(Exercise): All that is needed is an exact repetition of the lines from the one containing "Striped Sequined Furry Thick Sweater" through the final line of the material, without pictures.

(Data shown):
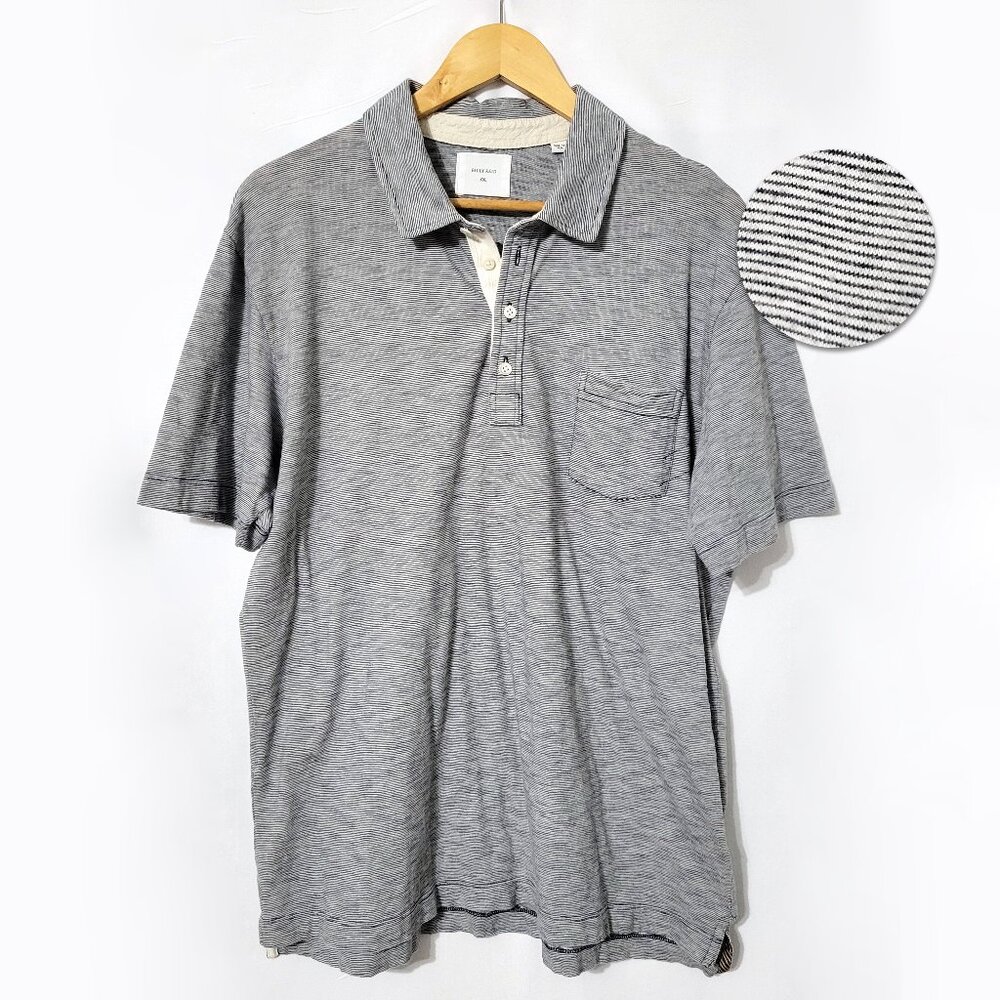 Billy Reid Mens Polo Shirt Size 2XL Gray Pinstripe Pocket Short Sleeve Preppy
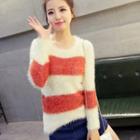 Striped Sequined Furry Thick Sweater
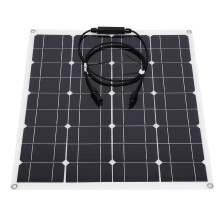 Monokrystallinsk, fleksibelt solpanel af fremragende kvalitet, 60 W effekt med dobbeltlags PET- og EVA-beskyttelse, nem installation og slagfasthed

(Answer for the task):
 Striped Sequined Furry Thick Sweater
 Monokrystallinsk, fleksibelt solpanel af fremragende kvalitet, 60 W effekt med dobbeltlags PET- og EVA-beskyttelse, nem installation og slagfasthed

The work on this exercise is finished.